Use Dumpling and TiDB Lightning to migrate and merge MySQL shards to TiDB

This example assumes that you have two databases, my_db1 and my_db2. You use Dumpling to export two tables table1 and table2 from my_db1, and two tables table3 and table4 from my_db2, respectively. After that, you use TiDB Lighting to import and merge the four exported tables into the same table5 from mydb in the target TiDB.

In this document, you can migrate data following this procedure:

  1. Use Dumpling to export full data. In this example, you export 2 tables respectively from 2 upstream databases:

    • Export table1 and table2 from my_db1
    • Export table3 and table4 from my_db2
  2. Start TiDB Lightning to migrate data to mydb.table5 in TiDB.

  3. (Optional) Use TiDB DM to perform incremental replication.

Prerequisites

Before getting started, see the following documents to prepare for the migration task.

Resource requirements

Operating system: Examples in this document use new, clean CentOS 7 instances.

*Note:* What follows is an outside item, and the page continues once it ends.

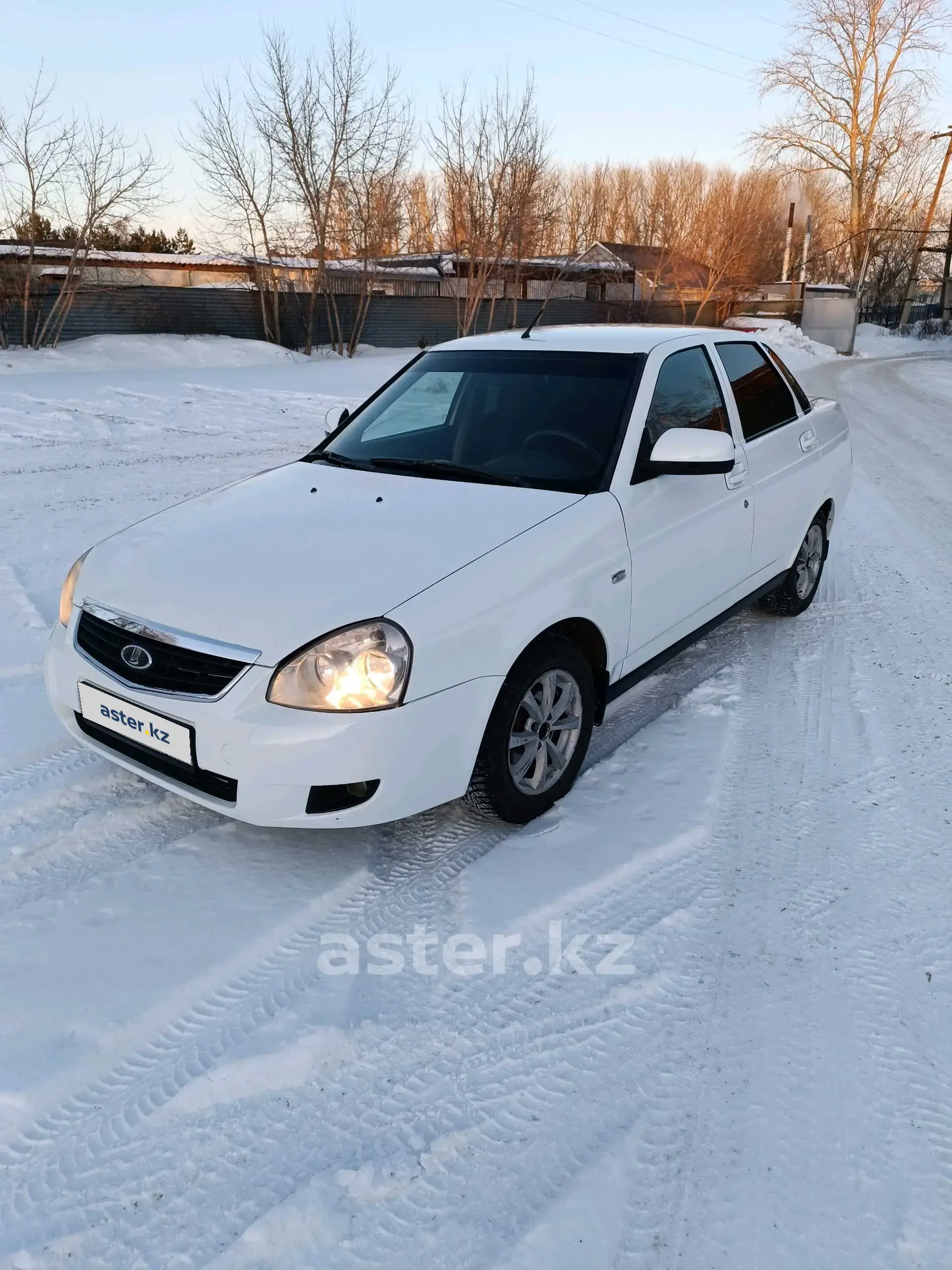 LADA (ВАЗ) Priora 2011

You can deploy a virtual machine on your own host locally, or on a vendor-provided cloud platform. TiDB Lightning consumes as much CPU resources as needed by default, so it is recommended to deploy TiDB Lightning on a dedicated machine. If you do not have a dedicated machine for TiDB Lightning, you can deploy TiDB Lightning on a shared machine with other components (such as tikv-server) and limit TiDB Lightning's CPU usage by configuring region-concurrency to 75% of the number of logical CPUs.

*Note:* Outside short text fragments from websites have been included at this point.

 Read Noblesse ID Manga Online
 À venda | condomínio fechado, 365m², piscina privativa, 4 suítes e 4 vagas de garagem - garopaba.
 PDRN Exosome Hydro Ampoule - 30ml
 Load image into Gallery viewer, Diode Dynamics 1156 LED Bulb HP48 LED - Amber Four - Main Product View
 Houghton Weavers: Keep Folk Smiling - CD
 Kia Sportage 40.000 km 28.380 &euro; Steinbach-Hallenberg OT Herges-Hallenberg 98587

Memory and CPU: TiDB Lightning consumes high resources, so it is recommended to allocate more than 64 GB of memory and 32-core CPU for TiDB Lightning. To get the best performance, make sure the CPU core to memory (GB) ratio is more than 1:2.

Disk space:

  • Dumpling requires enough disk space to store the whole data source. SSD is recommended.
  • During the import, TiDB Lightning needs temporary space to store the sorted key-value pairs. The disk space should be enough to hold the largest single table from the data source.
  • If the full data volume is large, you can increase the binlog storage time in the upstream. This is to ensure that the binlogs are not lost during the incremental replication.

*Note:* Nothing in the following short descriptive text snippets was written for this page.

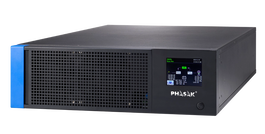 Phasak SAI UPS Phasak Titan PH 9380 10 kVA 10 kW Rack 19 Doble Conversión Online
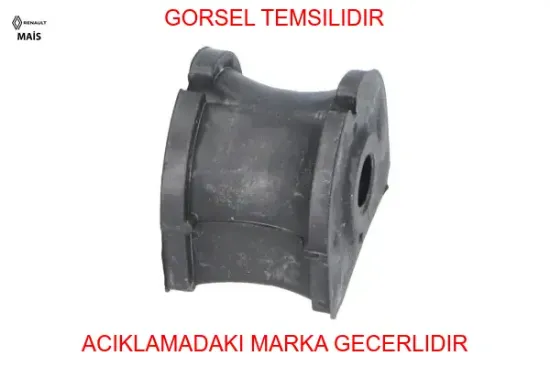 Viraj Demir Lastigi Arka Duster 10> 1.5dci 1.6 11mm 562300111R resmi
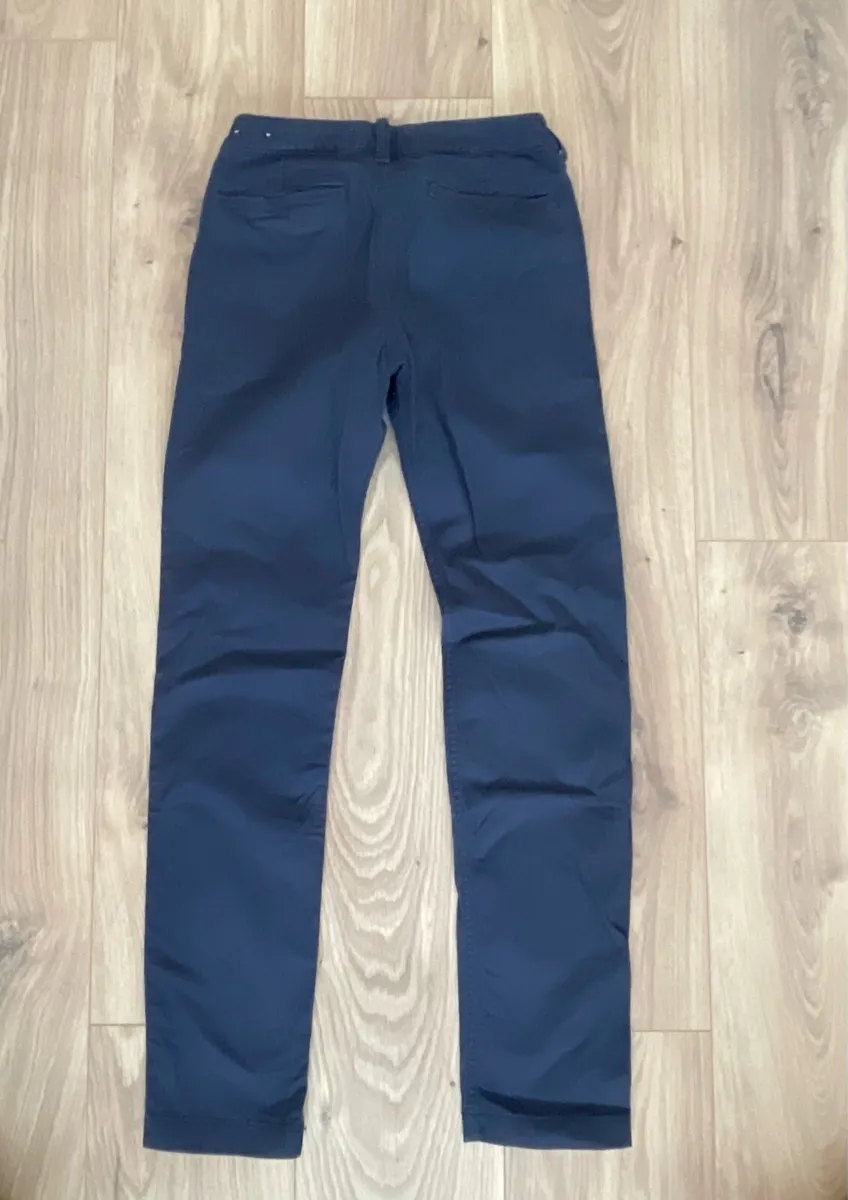 Abercrombie boys trousers chinos - Image 2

Note: You cannot calculate the exact data volume exported by Dumpling from MySQL, but you can estimate the data volume by using the following SQL statement to summarize the data-length field in the information_schema.tables table:

/* Calculate the size of all schemas, in MiB. Replace ${schema_name} with your schema name. */
SELECT table_schema,SUM(data_length)/1024/1024 AS data_length,SUM(index_length)/1024/1024 AS index_length,SUM(data_length+index_length)/1024/1024 AS SUM FROM information_schema.tables WHERE table_schema = "${schema_name}" GROUP BY table_schema;

/* Calculate the size of the largest table, in MiB. Replace ${schema_name} with your schema name. */
SELECT table_name,table_schema,SUM(data_length)/1024/1024 AS data_length,SUM(index_length)/1024/1024 AS index_length,SUM(data_length+index_length)/1024/1024 AS SUM from information_schema.tables WHERE table_schema = "${schema_name}" GROUP BY table_name,table_schema ORDER BY SUM DESC LIMIT 5;

Disk space for the target TiKV cluster

The target TiKV cluster must have enough disk space to store the imported data. In addition to the standard hardware requirements, the storage space of the target TiKV cluster must be larger than the size of the data source x the number of replicas x 2. For example, if the cluster uses 3 replicas by default, the target TiKV cluster must have a storage space larger than 6 times the size of the data source. The formula has x 2 because:

  • Index might take extra space.
  • RocksDB has a space amplification effect.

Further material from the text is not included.